"Youth is when you're allowed to stay up late on New Year's Eve.
Middle age is when you're forced to."
Well my Bloggerites, it's that time of year again. Time to be making New Year's resolutions and looking to the future, however, I thought it might be more entertaining to look at my last year's resolutions and see how well I did.......Ready? Here we go......
1) I am not going to dread meeting with the CPA. SUCCESS
Yep, thats right......for the first time in many years.....well.....for the first time EVER, Mr. Stein did not scare the bageebees out of me each time he called or emailed me. My blood pressure remained under 160/120 each time I heard from him.
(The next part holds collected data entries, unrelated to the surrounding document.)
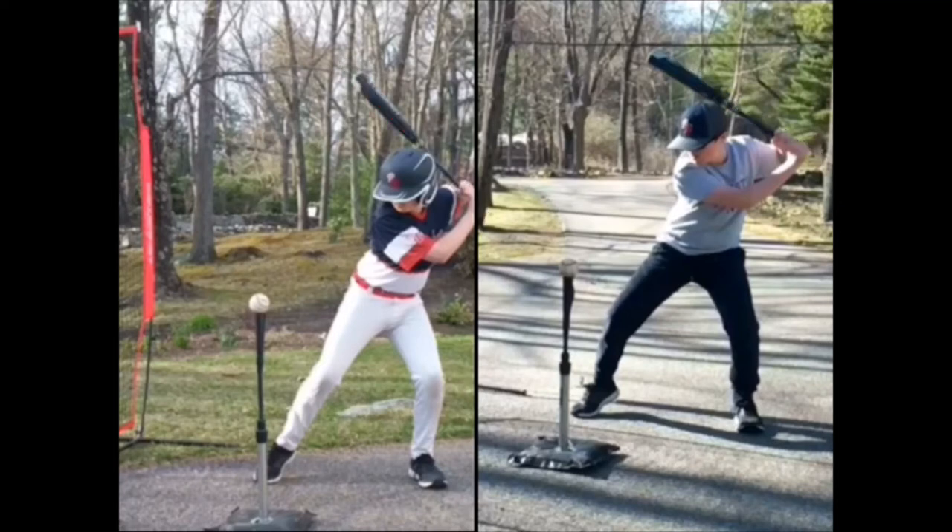Here's the thing — this is the position in both pictures that you need to be in once your front heel hits the ground. That's when the swing starts. You've gotten yourself into the perfect position too early; you need to hold it longer.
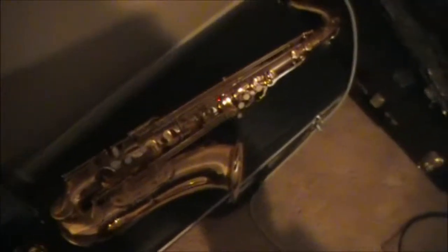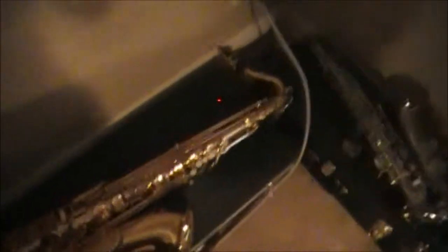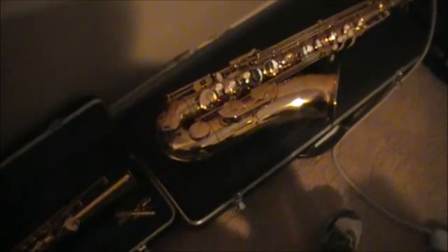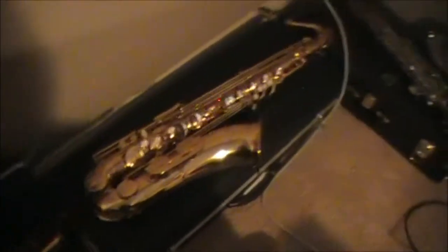I'm going to go down one size. This is the Barrington tenor sax. I got this one around my eighth grade year. I don't think there's any footage of me playing this one, unless my sister has it on her YouTube channel. So that's the tenor sax.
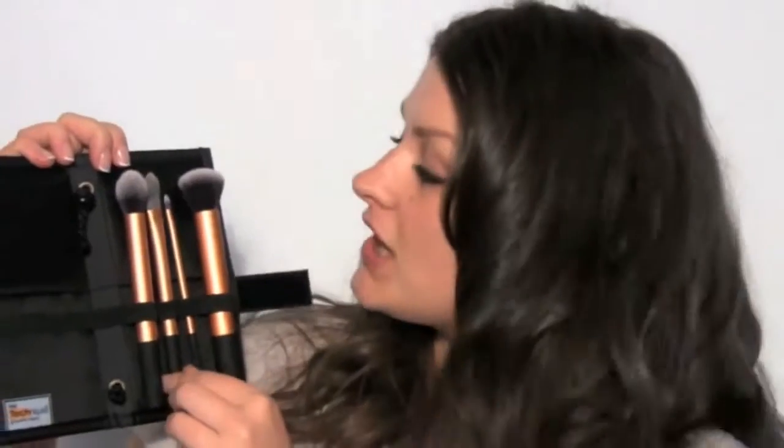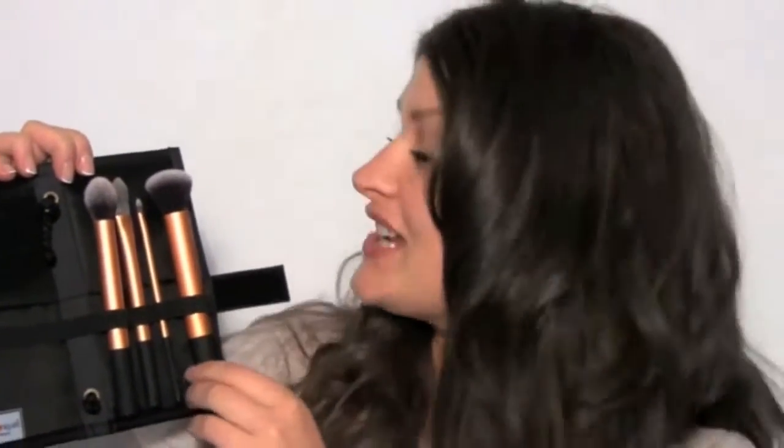We have here the contour brush, the pointed foundation brush, the detailer brush — which you can also use as a lipstick brush — and the buffing brush. I'm going to show you how to use them.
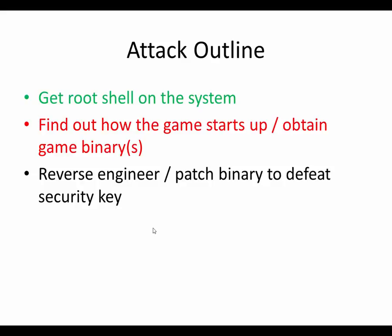Getting a root shell on the system was super simple. Finding out how the game starts up and obtaining the game binaries was a little more difficult — not horribly difficult, but interesting. Because they do go through a lot of effort to try to hide the game binary from you. It's not a normal file on the system that you run like a normal computer program — it's hidden within another program that unpacks it. They go through all this effort to make it hard to find, but it's so trivially bypassed that it's actually funny.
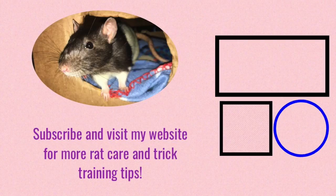That's really all I have for you in this video and I hope you enjoyed this review. If you'd like more rat care tips or rat trick training tips, feel free to visit my website at www.rattricks.weebly.com — link in the description. I hope you have a wonderful day and hope to see you next time. Bye!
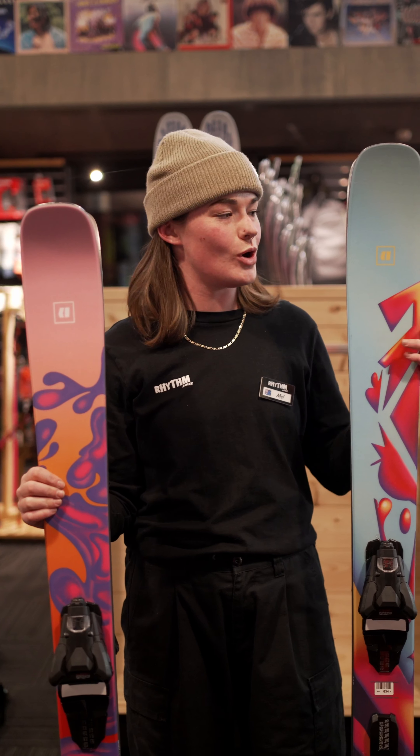If you've skied a bit before, we always recommend the premium skis — that way you can come and swap them out and try out all the different styles.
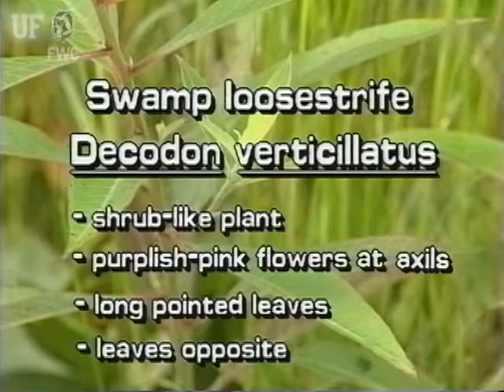Swamp loosestrife is a smallish shrub-like plant. It has purplish pink flowers that grow at the leaf axils. Its leaves are opposite, long, and pointed.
Thanks for not scaring me, Chuck!!!
2) I Will Stop Driving My Car With My Knees. FAILURE
There are times when it is simply necessary to drive the car with your knees....you know, like when you need to eat or hook up your iPod or smack Chuck for saying you have a "bald spot".....
3) I Will Think of a Password Other than "Password". SUCCESS
My new password is I DONT KNOW. No one will ever think of that....
4) I Will Stop Taking My Shoe Off and Beating the Printer When It Doesn't Work Right. SUCCESS
I have joined a Blogger-Anonymous group called "Shoe-Beating Stuff That Doesn't Work". Also, my father was kind enough to replace the last printer I beat with my shoe the year before. Unfortunately, this resolution did not apply to overhead projectors........
5) I Will Replace Murphy's Senator McCain Doll With A Barack Obama Doll. FAILURE.
I couldn't locate an Obama doll that Murphy was interested in, so he got a pink monkey called Myrtle instead.
6) I Resolve To Stop Hiding Around the Corner and Going "BOO" When Chuck Comes Out of the Bathroom....SUCCESS...sordof
Does it count that I've really cut down on how many times I do this to him??
7) I Will Stop Using the Jake Brakes on the Motorhome Just To Scare the People in Front of Me. FAILURE
This is simply too much fun to do......
8) Speaking of Brakes, I Resolve to Stop Slamming On The Brakes When Chuck Falls Asleep on the Back of the Motorcycle. SUCCESS
I have installed a seat belt instead.
9) I Resolve Not To Use My Taser on a Loved One...Unless They Tick Me Off.....SUCCESS
This is only a success cause I used my taser too much and it broke.
10) I Will Find Chuck A New Hearing Aid This Year. FAILURE
I've just learned to yell louder, speak lower and automatically repeat everything I say....repeat everything I say.
I think I did pretty good!!!
"May all your troubles last as long as your New Year's resolutions!"